The 1959 Pacific hurricane season saw 15 storms develop, 5 of which became hurricanes, and 3 of those became major hurricanes. The season officially started on May 15, 1959 in the Eastern Pacific, and ended on November 30, 1959.

The strongest storm was Hurricane Patsy, the first Category 5 hurricane recorded in the Central Pacific basin, which reached 175 mph winds. Also notable was Hurricane Dot, which made landfall on Kauai, Hawaii as a Category 1 hurricane. The deadliest storm of the season was the Mexico hurricane, which made landfall in Mexico as a Category 4 hurricane and killed 1,800 people.

== Systems ==
=== Tropical Storm One ===

A 55 mph (75 km/h) tropical storm was first located on June 9 while west of Mexico. It did not strengthen any further as it paralleled the Mexican coast. It made landfall near Los Mochis, Mexico on June 12 and dissipated shortly afterward. There are no reports of damages or deaths due to the storm.

=== Tropical Storm Two ===

On June 25, a small tropical storm developed off the coast of Mexico. It attained winds of 50 mph at its peak. It later dissipated on June 27.

=== Tropical Storm Clara ===

After a month of inactivity, a tropical storm formed several thousands of miles south-west of the southern tip of Baja California. This tropical storm began moving north-westwards while keeping its intensity. Winds peaked at 50 mph (85 km/h). On July 19, this tropical storm began moving west and finally dissipated 3 days later.

The name Clara was assigned from the North Pacific Typhoon name list.

=== Tropical Storm Four ===

Soon after Tropical Storm Clara dissipated, a new tropical storm formed in the open Pacific. Tropical Storm Four moved west, then west-north-west. Like the previous two tropical storms, it did not affect land. It dissipated on July 25.
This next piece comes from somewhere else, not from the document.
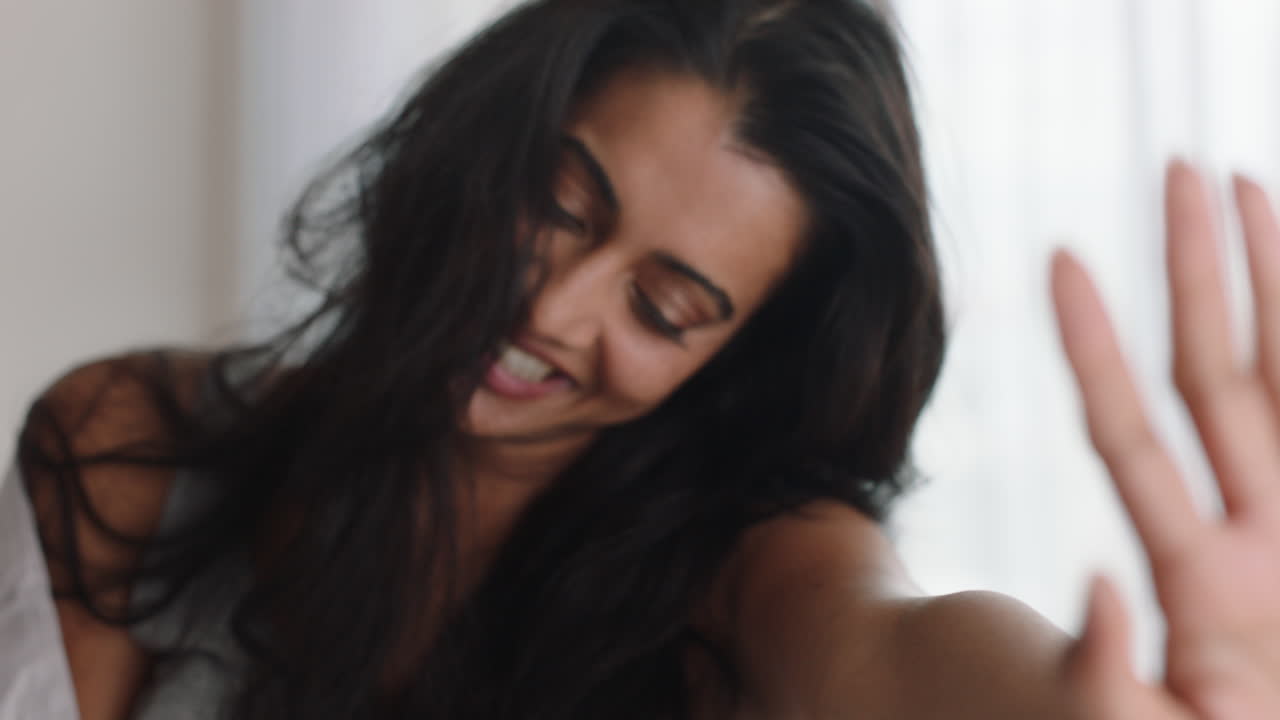 hermosa mujer joven escondiendo la cara sintiéndose tímida sonriendo disfrutando de la atención juguetona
=== Tropical Storm Five ===

Tropical Storm Five was a short-lived tropical storm, only lasting a day. It peaked at a relatively weak 45 mph (75 km/h). It moved parallel to the Mexican coast.

=== Hurricane Dot ===

Dot was first identified as a strong tropical storm southeast of Hawaiʻi on August 1. The storm was potentially a continuation of a previously unnamed tropical cyclone that was monitored west of the Baja California Peninsula from July 24-27, but was never confirmed due to a lack of ship reports. Dot was quick to intensify, reaching hurricane intensity six hours after naming. By August 3, Dot reached its peak intensity, with maximum sustained winds reaching 150 mph (240 km/h). Intensity leveled off afterwards as Dot tracked westward before making a curve towards the northwest on August 5, after which the hurricane weakened at a faster clip. Dot made landfall the next day on Kauai as a minimal hurricane before dissipating west of the Hawaiian Islands on August 8.

Dot produced heavy rainfall and gusty winds as it passed south of the Big Island, Lanai, Maui, Molokai, and Oahu, resulting in minor damage. In Oahu, some homes along the coast were unroofed, and damage from wave action was also reported. Damage from these four islands totaled US$150,000, and two indirect deaths occurred in Lanai. Extensive damage occurred on Kauai as Dot made landfall, producing wind gusts as high as 103 mph (166 km/h) and toppling trees and power lines. Widespread power outages affected the island, causing telecommunications and water systems to fail. Although infrastructure was damaged to an extent by floodwater and strong winds, crops suffered the most losses. Cane sugar crops sustained US$2.7 million in losses. Overall, damage from Dot across Hawaii totaled US$6 million, and a disaster area declaration and state of emergency took effect for the archipelago after the hurricane's passage.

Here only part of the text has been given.